**Dataset records**
• • • • •
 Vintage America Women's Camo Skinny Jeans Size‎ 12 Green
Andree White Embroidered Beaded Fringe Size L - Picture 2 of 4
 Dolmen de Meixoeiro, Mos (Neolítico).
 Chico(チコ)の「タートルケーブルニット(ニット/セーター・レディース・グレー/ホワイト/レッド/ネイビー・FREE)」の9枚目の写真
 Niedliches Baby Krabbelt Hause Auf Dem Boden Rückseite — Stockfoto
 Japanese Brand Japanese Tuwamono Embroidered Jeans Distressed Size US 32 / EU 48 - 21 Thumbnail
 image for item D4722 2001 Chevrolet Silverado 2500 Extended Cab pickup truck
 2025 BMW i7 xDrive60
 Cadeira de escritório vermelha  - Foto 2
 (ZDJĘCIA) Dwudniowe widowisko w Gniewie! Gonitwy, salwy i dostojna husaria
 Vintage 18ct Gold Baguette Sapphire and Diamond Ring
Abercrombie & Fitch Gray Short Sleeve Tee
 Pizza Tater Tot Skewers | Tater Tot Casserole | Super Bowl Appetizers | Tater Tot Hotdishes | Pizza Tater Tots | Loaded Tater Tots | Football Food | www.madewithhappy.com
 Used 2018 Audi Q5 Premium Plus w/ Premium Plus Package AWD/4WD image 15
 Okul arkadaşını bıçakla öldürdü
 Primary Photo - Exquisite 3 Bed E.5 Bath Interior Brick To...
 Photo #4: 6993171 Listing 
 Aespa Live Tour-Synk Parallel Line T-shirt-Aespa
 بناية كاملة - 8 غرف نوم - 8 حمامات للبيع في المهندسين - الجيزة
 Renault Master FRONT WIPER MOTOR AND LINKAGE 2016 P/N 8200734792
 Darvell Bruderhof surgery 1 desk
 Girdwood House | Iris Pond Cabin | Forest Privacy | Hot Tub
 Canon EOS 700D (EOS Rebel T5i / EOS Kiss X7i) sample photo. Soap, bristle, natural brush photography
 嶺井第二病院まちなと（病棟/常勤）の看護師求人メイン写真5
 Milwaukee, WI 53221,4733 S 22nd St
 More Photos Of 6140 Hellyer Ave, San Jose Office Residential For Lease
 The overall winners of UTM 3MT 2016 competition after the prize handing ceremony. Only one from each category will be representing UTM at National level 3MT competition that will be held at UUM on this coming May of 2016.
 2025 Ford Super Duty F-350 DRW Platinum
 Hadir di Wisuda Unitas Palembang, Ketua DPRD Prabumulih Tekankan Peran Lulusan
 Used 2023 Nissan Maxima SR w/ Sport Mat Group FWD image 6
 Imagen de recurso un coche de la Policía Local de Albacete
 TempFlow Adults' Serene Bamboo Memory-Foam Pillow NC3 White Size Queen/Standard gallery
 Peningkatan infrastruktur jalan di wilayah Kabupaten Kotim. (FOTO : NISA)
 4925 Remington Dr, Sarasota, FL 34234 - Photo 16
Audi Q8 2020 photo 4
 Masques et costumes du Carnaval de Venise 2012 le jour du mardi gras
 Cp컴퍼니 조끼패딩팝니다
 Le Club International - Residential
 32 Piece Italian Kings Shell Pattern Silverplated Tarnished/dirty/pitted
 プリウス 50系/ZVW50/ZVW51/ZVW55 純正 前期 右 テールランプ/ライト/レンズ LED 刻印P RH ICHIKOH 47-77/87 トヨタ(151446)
• • • • •
**What is being asked**
Repeat the whole of the data verbatim, as it reads above.

**Answer to this task**
 Vintage America Women's Camo Skinny Jeans Size‎ 12 Green
Andree White Embroidered Beaded Fringe Size L - Picture 2 of 4
 Dolmen de Meixoeiro, Mos (Neolítico).
 Chico(チコ)の「タートルケーブルニット(ニット/セーター・レディース・グレー/ホワイト/レッド/ネイビー・FREE)」の9枚目の写真
 Niedliches Baby Krabbelt Hause Auf Dem Boden Rückseite — Stockfoto
 Japanese Brand Japanese Tuwamono Embroidered Jeans Distressed Size US 32 / EU 48 - 21 Thumbnail
 image for item D4722 2001 Chevrolet Silverado 2500 Extended Cab pickup truck
 2025 BMW i7 xDrive60
 Cadeira de escritório vermelha  - Foto 2
 (ZDJĘCIA) Dwudniowe widowisko w Gniewie! Gonitwy, salwy i dostojna husaria
 Vintage 18ct Gold Baguette Sapphire and Diamond Ring
Abercrombie & Fitch Gray Short Sleeve Tee
 Pizza Tater Tot Skewers | Tater Tot Casserole | Super Bowl Appetizers | Tater Tot Hotdishes | Pizza Tater Tots | Loaded Tater Tots | Football Food | www.madewithhappy.com
 Used 2018 Audi Q5 Premium Plus w/ Premium Plus Package AWD/4WD image 15
 Okul arkadaşını bıçakla öldürdü
 Primary Photo - Exquisite 3 Bed E.5 Bath Interior Brick To...
 Photo #4: 6993171 Listing 
 Aespa Live Tour-Synk Parallel Line T-shirt-Aespa
 بناية كاملة - 8 غرف نوم - 8 حمامات للبيع في المهندسين - الجيزة
 Renault Master FRONT WIPER MOTOR AND LINKAGE 2016 P/N 8200734792
 Darvell Bruderhof surgery 1 desk
 Girdwood House | Iris Pond Cabin | Forest Privacy | Hot Tub
 Canon EOS 700D (EOS Rebel T5i / EOS Kiss X7i) sample photo. Soap, bristle, natural brush photography
 嶺井第二病院まちなと（病棟/常勤）の看護師求人メイン写真5
 Milwaukee, WI 53221,4733 S 22nd St
 More Photos Of 6140 Hellyer Ave, San Jose Office Residential For Lease
 The overall winners of UTM 3MT 2016 competition after the prize handing ceremony. Only one from each category will be representing UTM at National level 3MT competition that will be held at UUM on this coming May of 2016.
 2025 Ford Super Duty F-350 DRW Platinum
 Hadir di Wisuda Unitas Palembang, Ketua DPRD Prabumulih Tekankan Peran Lulusan
 Used 2023 Nissan Maxima SR w/ Sport Mat Group FWD image 6
 Imagen de recurso un coche de la Policía Local de Albacete
 TempFlow Adults' Serene Bamboo Memory-Foam Pillow NC3 White Size Queen/Standard gallery
 Peningkatan infrastruktur jalan di wilayah Kabupaten Kotim. (FOTO : NISA)
 4925 Remington Dr, Sarasota, FL 34234 - Photo 16
Audi Q8 2020 photo 4
 Masques et costumes du Carnaval de Venise 2012 le jour du mardi gras
 Cp컴퍼니 조끼패딩팝니다
 Le Club International - Residential
 32 Piece Italian Kings Shell Pattern Silverplated Tarnished/dirty/pitted
 プリウス 50系/ZVW50/ZVW51/ZVW55 純正 前期 右 テールランプ/ライト/レンズ LED 刻印P RH ICHIKOH 47-77/87 トヨタ(151446)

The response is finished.